• WHAT TO PRODUCE
With the line containing "Seifenblasenpistole Kinder, 2" as the start and the line containing "Pre-owned Missoni Linen Skirt Suit In Camel" as the end, transcribe that span of the entries below exactly, including both.
=== Section Start ===
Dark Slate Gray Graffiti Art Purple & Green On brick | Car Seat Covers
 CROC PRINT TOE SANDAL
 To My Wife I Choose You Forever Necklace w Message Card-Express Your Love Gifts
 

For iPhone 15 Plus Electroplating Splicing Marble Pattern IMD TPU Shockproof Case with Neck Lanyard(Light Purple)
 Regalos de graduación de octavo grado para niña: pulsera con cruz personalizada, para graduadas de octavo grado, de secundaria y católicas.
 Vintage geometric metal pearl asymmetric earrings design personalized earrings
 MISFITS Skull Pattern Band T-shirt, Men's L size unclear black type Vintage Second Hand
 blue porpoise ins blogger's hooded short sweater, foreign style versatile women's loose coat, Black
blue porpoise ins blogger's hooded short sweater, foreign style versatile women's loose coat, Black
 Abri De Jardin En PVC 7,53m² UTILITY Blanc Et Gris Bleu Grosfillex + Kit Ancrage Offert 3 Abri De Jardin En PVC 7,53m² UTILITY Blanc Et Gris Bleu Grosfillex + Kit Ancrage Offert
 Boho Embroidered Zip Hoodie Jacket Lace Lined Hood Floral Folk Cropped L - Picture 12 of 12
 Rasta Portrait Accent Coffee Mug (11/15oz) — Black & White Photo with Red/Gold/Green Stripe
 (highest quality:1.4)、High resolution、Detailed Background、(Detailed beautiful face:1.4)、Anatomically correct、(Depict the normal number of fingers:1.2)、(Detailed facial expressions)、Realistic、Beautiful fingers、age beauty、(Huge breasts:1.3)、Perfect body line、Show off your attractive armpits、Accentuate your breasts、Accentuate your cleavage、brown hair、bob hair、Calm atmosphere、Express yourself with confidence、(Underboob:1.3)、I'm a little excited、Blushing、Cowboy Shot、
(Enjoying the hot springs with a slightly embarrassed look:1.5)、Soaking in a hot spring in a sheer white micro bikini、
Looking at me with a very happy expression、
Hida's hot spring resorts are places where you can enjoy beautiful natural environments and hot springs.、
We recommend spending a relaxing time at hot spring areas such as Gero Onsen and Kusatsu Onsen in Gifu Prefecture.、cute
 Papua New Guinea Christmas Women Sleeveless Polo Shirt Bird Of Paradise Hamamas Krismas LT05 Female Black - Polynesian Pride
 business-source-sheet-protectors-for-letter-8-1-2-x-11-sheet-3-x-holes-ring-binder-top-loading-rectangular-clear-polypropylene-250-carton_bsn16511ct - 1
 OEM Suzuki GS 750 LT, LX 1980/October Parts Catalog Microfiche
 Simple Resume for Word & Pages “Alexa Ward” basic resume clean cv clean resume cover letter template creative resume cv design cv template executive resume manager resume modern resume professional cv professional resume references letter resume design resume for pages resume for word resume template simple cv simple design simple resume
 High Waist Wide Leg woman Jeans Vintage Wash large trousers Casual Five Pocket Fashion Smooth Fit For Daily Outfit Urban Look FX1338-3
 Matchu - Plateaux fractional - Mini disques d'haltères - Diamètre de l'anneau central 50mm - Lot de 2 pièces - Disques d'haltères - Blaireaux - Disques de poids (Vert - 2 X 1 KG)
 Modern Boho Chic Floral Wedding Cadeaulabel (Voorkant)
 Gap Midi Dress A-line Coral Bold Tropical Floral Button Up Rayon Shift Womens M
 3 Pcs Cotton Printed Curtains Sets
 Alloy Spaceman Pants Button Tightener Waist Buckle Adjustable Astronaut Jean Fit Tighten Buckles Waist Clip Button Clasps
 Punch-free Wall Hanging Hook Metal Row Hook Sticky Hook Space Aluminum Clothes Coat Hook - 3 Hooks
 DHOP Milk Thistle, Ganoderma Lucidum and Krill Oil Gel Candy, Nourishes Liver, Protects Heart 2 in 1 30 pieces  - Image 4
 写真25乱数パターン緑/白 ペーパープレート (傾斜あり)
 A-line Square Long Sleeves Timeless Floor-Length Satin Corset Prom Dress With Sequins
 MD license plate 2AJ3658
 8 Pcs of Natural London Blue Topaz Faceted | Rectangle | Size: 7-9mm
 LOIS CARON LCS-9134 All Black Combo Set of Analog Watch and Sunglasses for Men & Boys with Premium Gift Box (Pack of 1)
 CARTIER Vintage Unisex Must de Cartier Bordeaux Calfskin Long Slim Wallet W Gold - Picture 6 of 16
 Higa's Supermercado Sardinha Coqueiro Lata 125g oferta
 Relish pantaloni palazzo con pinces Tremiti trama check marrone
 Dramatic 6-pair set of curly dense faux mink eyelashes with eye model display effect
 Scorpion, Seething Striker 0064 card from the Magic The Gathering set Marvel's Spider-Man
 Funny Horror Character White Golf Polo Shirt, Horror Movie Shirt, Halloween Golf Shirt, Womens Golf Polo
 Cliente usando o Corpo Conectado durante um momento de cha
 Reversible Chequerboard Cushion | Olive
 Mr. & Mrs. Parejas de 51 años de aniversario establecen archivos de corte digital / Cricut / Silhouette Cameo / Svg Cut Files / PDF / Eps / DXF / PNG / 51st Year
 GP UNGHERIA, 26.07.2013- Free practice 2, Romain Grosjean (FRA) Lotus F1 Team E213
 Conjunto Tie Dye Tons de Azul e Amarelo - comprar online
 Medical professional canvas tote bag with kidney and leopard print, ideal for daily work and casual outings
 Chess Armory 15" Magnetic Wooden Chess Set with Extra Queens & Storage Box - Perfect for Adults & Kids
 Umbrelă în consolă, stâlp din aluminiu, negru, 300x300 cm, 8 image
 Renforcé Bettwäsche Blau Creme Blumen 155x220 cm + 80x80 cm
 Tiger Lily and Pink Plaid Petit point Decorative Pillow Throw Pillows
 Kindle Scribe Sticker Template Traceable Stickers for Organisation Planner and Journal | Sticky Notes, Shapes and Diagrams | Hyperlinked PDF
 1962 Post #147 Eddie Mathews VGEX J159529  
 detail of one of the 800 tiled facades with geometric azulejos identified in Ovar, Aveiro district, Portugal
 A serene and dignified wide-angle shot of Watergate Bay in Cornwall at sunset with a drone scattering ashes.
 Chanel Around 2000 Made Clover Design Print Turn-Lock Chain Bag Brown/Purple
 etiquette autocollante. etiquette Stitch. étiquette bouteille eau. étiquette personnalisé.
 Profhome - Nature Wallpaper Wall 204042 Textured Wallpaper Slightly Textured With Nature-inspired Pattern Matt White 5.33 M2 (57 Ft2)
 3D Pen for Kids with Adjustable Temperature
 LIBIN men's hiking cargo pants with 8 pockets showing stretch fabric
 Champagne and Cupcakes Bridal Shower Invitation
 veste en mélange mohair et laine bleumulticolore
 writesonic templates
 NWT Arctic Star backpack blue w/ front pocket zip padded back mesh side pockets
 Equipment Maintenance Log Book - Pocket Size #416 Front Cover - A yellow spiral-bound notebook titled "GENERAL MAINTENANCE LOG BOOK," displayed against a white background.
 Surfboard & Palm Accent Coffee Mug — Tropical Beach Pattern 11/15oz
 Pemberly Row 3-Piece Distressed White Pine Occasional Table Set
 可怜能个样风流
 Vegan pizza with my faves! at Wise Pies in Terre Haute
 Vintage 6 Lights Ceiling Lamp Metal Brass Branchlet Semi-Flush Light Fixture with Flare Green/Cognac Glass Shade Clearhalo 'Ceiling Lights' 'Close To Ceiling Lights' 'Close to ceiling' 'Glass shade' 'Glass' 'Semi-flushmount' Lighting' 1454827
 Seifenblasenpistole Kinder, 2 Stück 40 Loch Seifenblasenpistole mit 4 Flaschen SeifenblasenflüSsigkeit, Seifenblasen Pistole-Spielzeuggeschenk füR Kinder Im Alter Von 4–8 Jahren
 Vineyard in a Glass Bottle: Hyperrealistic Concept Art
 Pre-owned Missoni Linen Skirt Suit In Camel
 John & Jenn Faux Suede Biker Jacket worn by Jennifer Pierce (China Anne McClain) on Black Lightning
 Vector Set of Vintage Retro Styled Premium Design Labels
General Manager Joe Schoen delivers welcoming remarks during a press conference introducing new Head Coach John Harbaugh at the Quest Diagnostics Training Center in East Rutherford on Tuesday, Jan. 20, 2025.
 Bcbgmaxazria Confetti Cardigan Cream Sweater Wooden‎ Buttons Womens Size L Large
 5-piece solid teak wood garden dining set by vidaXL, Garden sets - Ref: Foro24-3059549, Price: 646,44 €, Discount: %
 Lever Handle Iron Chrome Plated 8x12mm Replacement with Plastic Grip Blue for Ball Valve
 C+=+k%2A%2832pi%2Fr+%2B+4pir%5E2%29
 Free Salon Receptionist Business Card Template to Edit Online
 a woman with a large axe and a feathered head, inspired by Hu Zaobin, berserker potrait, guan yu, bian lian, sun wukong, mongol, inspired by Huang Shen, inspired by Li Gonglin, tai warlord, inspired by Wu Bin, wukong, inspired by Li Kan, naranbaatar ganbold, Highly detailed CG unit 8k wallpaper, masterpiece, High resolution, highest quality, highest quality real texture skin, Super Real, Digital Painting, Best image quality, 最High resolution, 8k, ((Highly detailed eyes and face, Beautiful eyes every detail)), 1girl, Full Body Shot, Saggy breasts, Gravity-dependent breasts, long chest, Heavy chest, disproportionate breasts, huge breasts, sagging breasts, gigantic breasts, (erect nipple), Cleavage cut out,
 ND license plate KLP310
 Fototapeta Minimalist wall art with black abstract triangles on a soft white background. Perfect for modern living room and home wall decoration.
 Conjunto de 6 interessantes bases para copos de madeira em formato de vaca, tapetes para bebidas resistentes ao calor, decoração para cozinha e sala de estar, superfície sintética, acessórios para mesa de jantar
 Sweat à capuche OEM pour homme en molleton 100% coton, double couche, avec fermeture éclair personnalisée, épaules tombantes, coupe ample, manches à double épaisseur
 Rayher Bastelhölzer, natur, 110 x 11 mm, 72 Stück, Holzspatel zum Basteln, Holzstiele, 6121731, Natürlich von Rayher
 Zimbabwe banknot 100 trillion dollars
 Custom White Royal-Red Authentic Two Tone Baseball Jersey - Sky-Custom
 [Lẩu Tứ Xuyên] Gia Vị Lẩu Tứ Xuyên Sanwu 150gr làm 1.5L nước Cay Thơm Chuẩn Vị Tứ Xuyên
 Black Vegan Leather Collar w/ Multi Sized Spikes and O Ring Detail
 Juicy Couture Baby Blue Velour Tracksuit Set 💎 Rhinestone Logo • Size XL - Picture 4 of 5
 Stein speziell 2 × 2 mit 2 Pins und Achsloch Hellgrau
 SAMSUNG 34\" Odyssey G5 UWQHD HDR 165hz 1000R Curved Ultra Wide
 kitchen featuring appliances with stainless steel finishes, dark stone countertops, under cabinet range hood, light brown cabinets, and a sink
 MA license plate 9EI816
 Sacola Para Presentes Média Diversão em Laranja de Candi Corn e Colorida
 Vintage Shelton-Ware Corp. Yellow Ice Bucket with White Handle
=== Section End ===
• SOLUTION TO THE EXERCISE
 Seifenblasenpistole Kinder, 2 Stück 40 Loch Seifenblasenpistole mit 4 Flaschen SeifenblasenflüSsigkeit, Seifenblasen Pistole-Spielzeuggeschenk füR Kinder Im Alter Von 4–8 Jahren
 Vineyard in a Glass Bottle: Hyperrealistic Concept Art
 Pre-owned Missoni Linen Skirt Suit In Camel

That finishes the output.